Task item: Restate exactly, and only, the lines spanning from the one with "Critics Score 91" to the end of the records below.

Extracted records
########################################

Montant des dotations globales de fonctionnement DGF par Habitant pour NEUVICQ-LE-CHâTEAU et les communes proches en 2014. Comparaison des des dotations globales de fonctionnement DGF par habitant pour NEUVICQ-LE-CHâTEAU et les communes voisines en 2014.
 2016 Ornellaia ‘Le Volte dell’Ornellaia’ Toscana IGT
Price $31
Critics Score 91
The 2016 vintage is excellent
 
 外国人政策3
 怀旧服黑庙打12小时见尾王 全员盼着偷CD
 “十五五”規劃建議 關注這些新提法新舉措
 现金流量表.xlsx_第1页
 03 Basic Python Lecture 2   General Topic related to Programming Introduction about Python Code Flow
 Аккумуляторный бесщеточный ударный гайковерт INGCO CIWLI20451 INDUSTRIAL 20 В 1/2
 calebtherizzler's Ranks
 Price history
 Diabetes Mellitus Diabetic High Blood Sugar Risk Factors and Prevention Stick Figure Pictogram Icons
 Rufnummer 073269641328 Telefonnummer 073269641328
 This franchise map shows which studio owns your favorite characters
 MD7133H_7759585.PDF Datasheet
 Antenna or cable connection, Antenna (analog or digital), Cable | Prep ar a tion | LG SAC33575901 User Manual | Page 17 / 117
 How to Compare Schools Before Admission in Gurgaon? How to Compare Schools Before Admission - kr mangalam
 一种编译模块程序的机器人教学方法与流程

########################################

Answer for this exercise:
Critics Score 91
The 2016 vintage is excellent
 
 外国人政策3
 怀旧服黑庙打12小时见尾王 全员盼着偷CD
 “十五五”規劃建議 關注這些新提法新舉措
 现金流量表.xlsx_第1页
 03 Basic Python Lecture 2   General Topic related to Programming Introduction about Python Code Flow
 Аккумуляторный бесщеточный ударный гайковерт INGCO CIWLI20451 INDUSTRIAL 20 В 1/2
 calebtherizzler's Ranks
 Price history
 Diabetes Mellitus Diabetic High Blood Sugar Risk Factors and Prevention Stick Figure Pictogram Icons
 Rufnummer 073269641328 Telefonnummer 073269641328
 This franchise map shows which studio owns your favorite characters
 MD7133H_7759585.PDF Datasheet
 Antenna or cable connection, Antenna (analog or digital), Cable | Prep ar a tion | LG SAC33575901 User Manual | Page 17 / 117
 How to Compare Schools Before Admission in Gurgaon? How to Compare Schools Before Admission - kr mangalam
 一种编译模块程序的机器人教学方法与流程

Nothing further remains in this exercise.